- Born: Wilson Gaines Richardson December 9, 1825 Maysville, Kentucky
- Died: July 5, 1886 (aged 60)
- Resting place: Stanton Cemetery Stanton, Tennessee
- Education: University of Alabama; Hiram College;
- Occupations: American Classicist, Minister
- Employer(s): Professor at University of Mississippi, Oakland College, Central University, Davidson College and Austin College;
- Spouses: Louisa Vinson; Anne Herring;
- Allegiance: Confederate States
- Branch: Confederate States Army Confederate States Navy
- Service years: 1862-1865
- Rank: Private (CSA) Paymaster (CSN)
- Unit: 11th Mississippi Infantry CSS Alert CSS Selma
- Conflicts: American Civil War

= Wilson Gaines Richardson =

Wilson Gaines Richardson (born Maysville, Kentucky, December 9, 1825; died Staunton, Tennessee, July 5, 1886) was an American Classicist, minister, and veteran of the Civil War.
Richardson was the son of Thomas Gaines and Sarah (née Perry) Richardson and the grandson of Richard and Sarah (née Gaines) Richardson and of Captain John and Elizabeth (née Leathers) Perry of Woodford county, Kentucky.

==Education==
He graduated from the University of Alabama with A.B. (1844) and A.M. (1847) degrees after which he served as a tutor in ancient languages at the university. He received his Ph.D. from Hiram College.

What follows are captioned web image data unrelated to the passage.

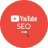 YouTube-SEO-Advance-Level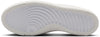 Court Vision Alta sneakers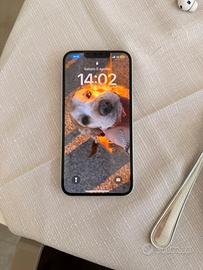 iPhone 13 128 Gb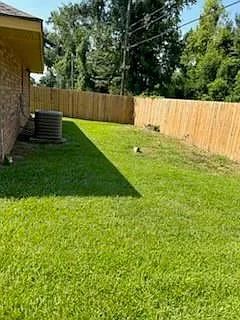 2505 S Sugar Ridge Dr — Photo 9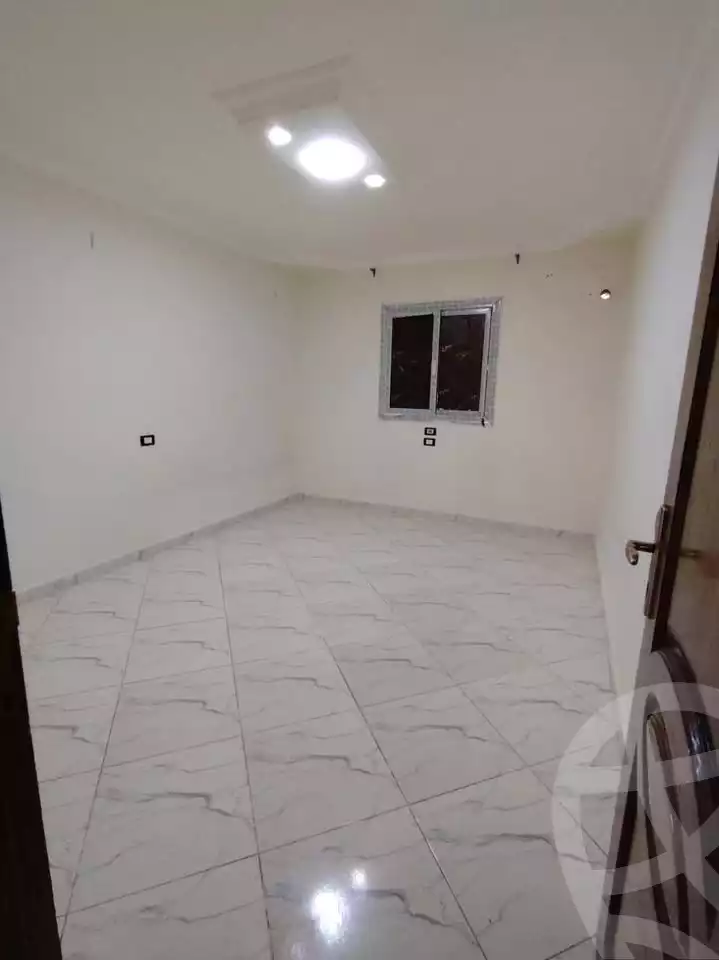 https://aqarmap.com.eg/en/listing/6467645-for-rent-cairo-el-haram-shareaa-khatem-el-morsalen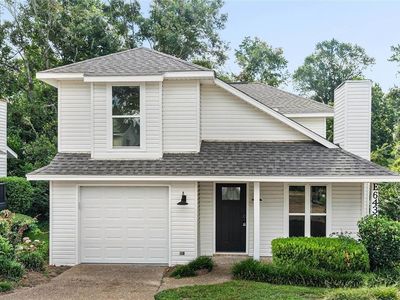 6433- Cedar Bend Ct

From 1854 to 1859 Gaines was professor of Latin and French at the University of Mississippi in Oxford and then at Oakland College from 1859–1862.

==Military service==
With the outbreak of the Civil War, Gaines enlisted as a private in the Lamar Rifles; he was wounded in action at the Battle of Gaines's Mill. Afterwards Gaines Richardson became a paymaster in the Confederate States Navy, serving aboard the CSS Selma (1856) and CSS Alert and was subsequently taken prisoner following the Battle of Mobile Bay on August 5, 1864. Gaines was exchanged March 4, 1865 at Ship Island, Mississippi, surrendered at Citronelle May 4, 1865 and paroled May 18, 1865 at Grenada, Mississippi.

==Career after the war==
After the war Gaines Richardson was professor of ancient languages and French at Davidson College in Davidson, North Carolina; professor of Latin and French at Central University, Kentucky (1874–1878), and professor of languages at Austin College, Texas (1878–1881). From 1882 to 1884 he attended Princeton Theological Seminary and served as a pastor at Staunton, Tennessee (1884–1886). Hiram College conferred an honorary Ph.D. in 1876.

==Personal life==
Wilson Gaines Richardson was twice married: he wed Louisa Vinson, daughter of Dr. Robert Lewis and Martha (née Bush) Kennon of Jackson, Miss., on February 4, 1857, and following her death, Mrs. Anne Herring on February 10, 1876.